As of October 1st, Microsoft has released SharePoint Syntex to Microsoft 365. Now, what exactly IS SharePoint Syntex? SharePoint Syntex comes from the Project Cortex initiative from Microsoft, and it is essentially a Machine Learning service that can pull information from your documents and add it as Metadata in a SharePoint Library. As someone who has worked with Metadata in SharePoint, and speaking on behalf of all my clients, I can honestly say “It’s about time!”
Let’s Rip some Metadata
So, let’s dive right in with a personal use case of mine. I have a nice big folder in my OneDrive that contains all of my expense receipts from my time at my current company. It contains all flights, car rental, taxi, uber, etc. For our needs today, I want to extract the total amount I spent on each Delta flight for the past 5 years. We’ll start by getting SharePoint Syntex enabled in the Tenant, Create and Train our model, and then get it applied to all of my expenses in a SharePoint library.
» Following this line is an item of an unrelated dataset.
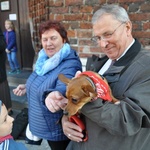 Błogosławieństwo zwierząt w Darłowie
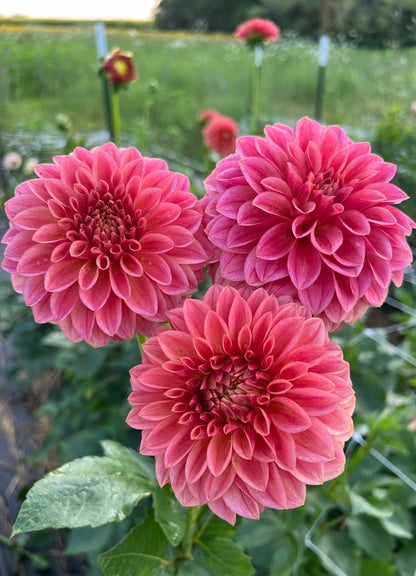 Marryn's Farmer Finn dahlia, photo 3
Step 1: Get SharePoint Syntex Enabled and Configured
The first thing you will need in order to leverage SharePoint Syntex, is a license. Our friends at Microsoft offer a free trial, which can be found here: https://www.microsoft.com/en-us/microsoft-365/enterprise/sharepoint-syntex?activetab=pivot%3aoverviewtab
- Sign up for the trial, or if you already have purchased licenses, make sure it is enabled on your user in the M365 Admin Center. While in the Admin Center, click on “Setup” on the left hand Nav and scroll down until you see the “Organizational knowledge” section. Click on “Automate content understanding” to start the setup.
2. On the “Automate content understanding” screen, click on “Get Started”
3. During the setup Wizard, we’ll have the options to select where these models will run (i.e. the Document Libraries that can leverage the models), as well as create a Content Center, where the models can be created and managed. For this blog, I’m just going to select a specific site, but you have the option to apply this to all sites, a specific site, or you can upload a .csv with all the sites you’d like to apply this to:
4. Once you have run through the setup wizard, you will see a “Completed” icon. The settings you defined can be changed anytime, by coming back here and clicking “Manage”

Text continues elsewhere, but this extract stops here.